╭──
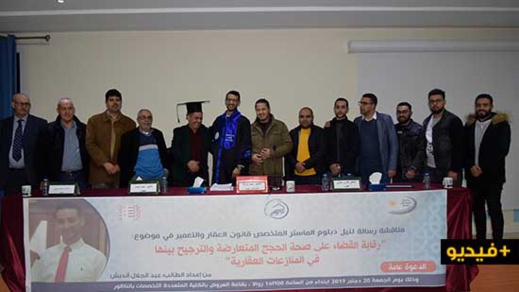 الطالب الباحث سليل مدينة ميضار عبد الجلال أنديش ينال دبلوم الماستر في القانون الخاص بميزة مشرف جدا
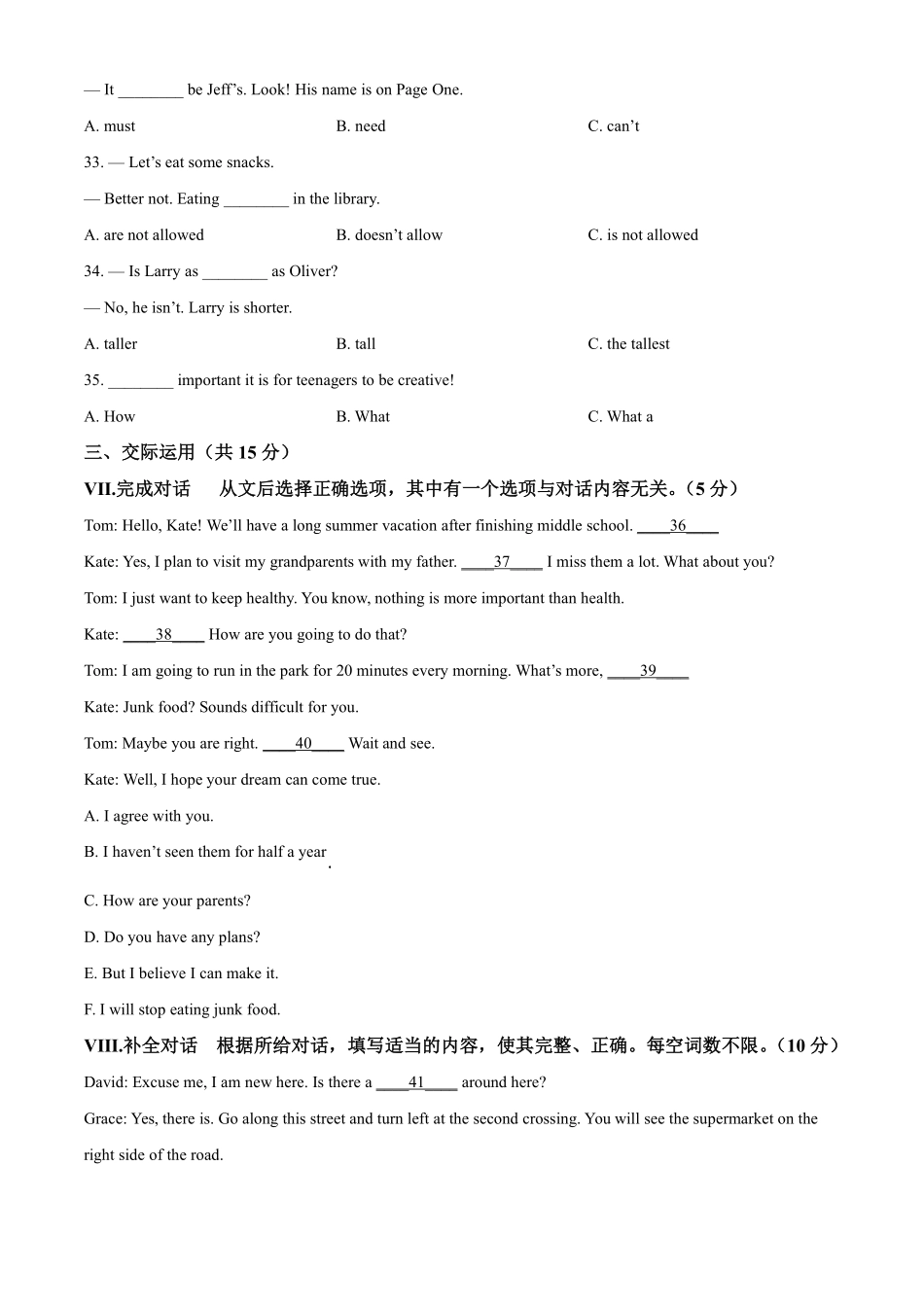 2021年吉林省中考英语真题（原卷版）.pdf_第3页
╰──
╭──
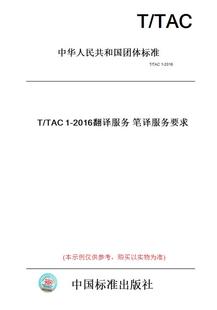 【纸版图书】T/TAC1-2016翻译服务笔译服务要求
╰──
In the data above, find the line containing "الطالب الباحث سليل" and the line containing "2021年吉林省中考英语真题（原卷版）.pdf_第3页". Repeat those two lines and everything between them exactly, minus the pictures.

 الطالب الباحث سليل مدينة ميضار عبد الجلال أنديش ينال دبلوم الماستر في القانون الخاص بميزة مشرف جدا
 2021年吉林省中考英语真题（原卷版）.pdf_第3页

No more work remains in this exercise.